# WORK ITEM
What is needed is an exact copy of the lines from the one containing "this 450×294 image." through the last line of the records, with no pictures.

(THE DATA Opens)

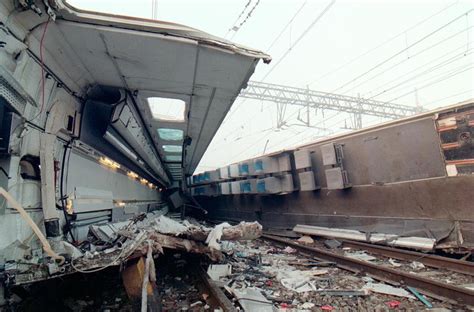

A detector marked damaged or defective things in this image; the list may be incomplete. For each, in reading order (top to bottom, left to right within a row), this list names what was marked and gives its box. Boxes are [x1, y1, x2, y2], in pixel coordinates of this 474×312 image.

damaged train exterior [0, 0, 268, 300]
damaged train exterior [191, 101, 474, 252]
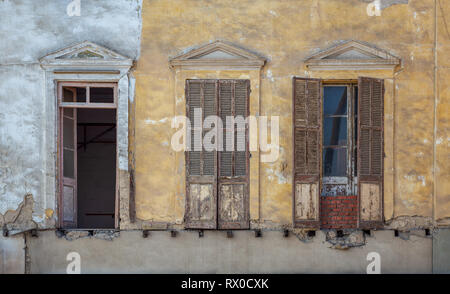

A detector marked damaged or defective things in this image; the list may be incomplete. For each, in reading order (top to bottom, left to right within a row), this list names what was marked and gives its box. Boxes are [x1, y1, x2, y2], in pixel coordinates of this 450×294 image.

broken shutter [59, 88, 77, 229]
broken shutter [184, 80, 217, 230]
broken shutter [218, 80, 250, 230]
broken shutter [294, 77, 322, 227]
broken shutter [358, 77, 384, 229]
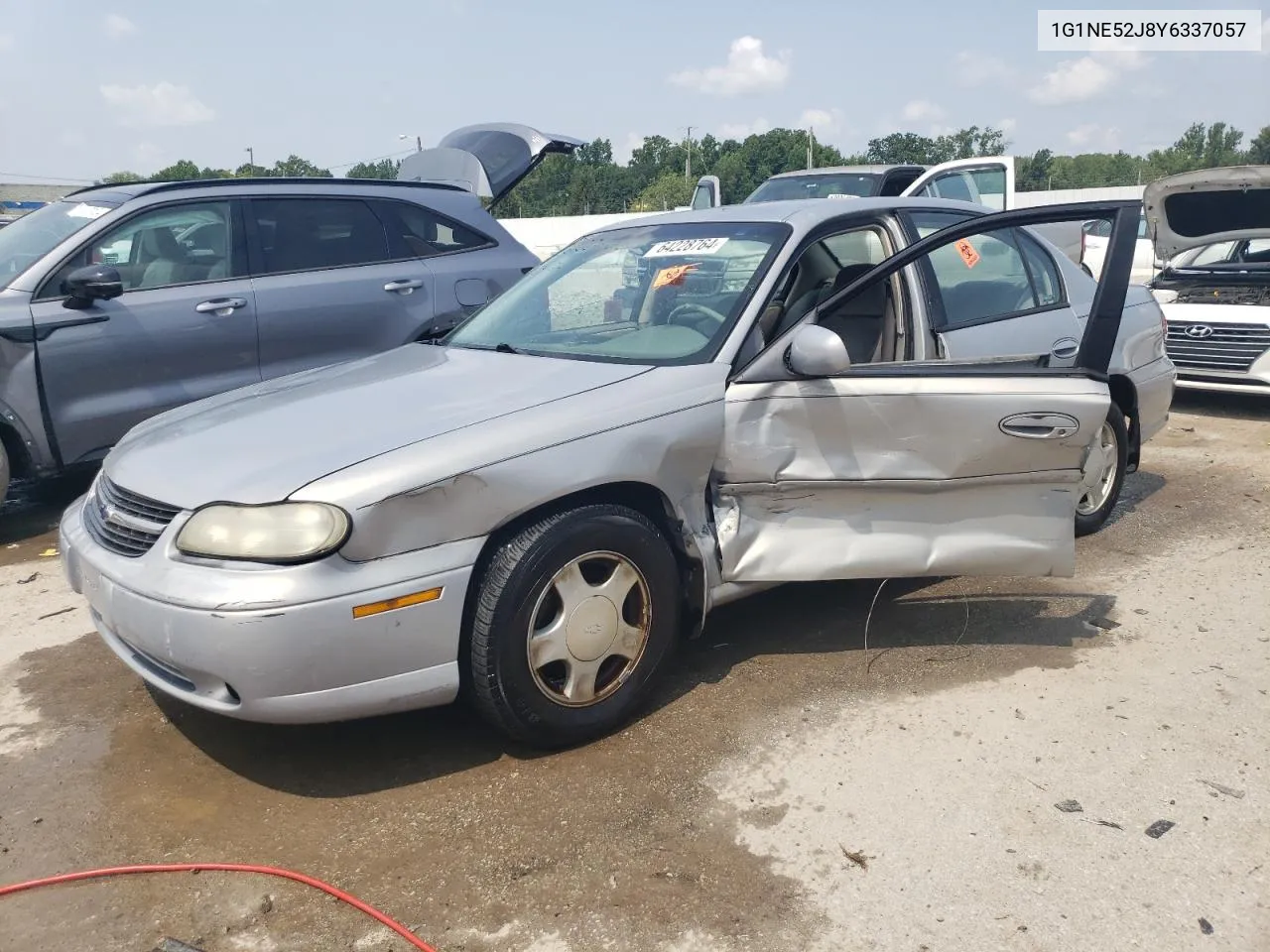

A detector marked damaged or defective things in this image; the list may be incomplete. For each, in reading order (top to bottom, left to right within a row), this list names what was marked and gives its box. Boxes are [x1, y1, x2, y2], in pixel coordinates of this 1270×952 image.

dented door panel [715, 370, 1112, 581]
damaged rear door [715, 202, 1143, 581]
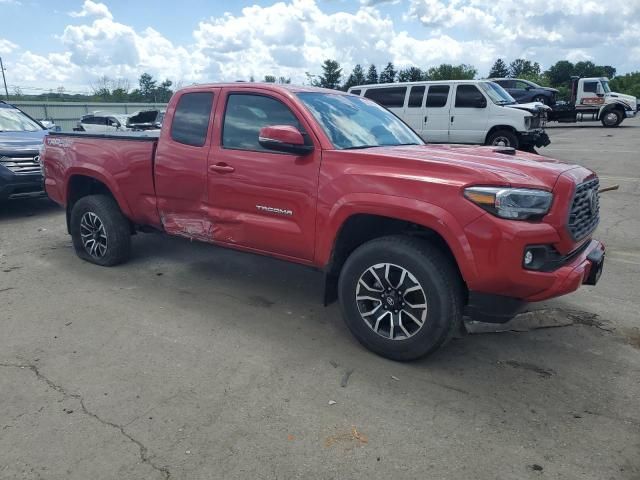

(THE DATA Closes)

# RESULT
A detector marked damaged or defective things in this image; the list may be incomplete. For each, in reading order (top to bottom, left to right within a row), this list names what was marked and gives its box. Boxes are [x1, y1, x2, y2], in pixel coordinates of this 450×294 image.

broken shutter [59, 88, 77, 229]
broken shutter [184, 80, 217, 230]
broken shutter [218, 80, 250, 230]
broken shutter [294, 77, 322, 227]
broken shutter [358, 77, 384, 229]

A detector marked damaged or defective things in this image; the list may be incomplete. For each, in reading order (top to bottom, left to right within a row), this list names what was marked and gives its box. Boxes are [x1, y1, x2, y2], in pixel coordinates of this 1270×952 image.

dented door panel [715, 370, 1112, 581]
damaged rear door [715, 202, 1143, 581]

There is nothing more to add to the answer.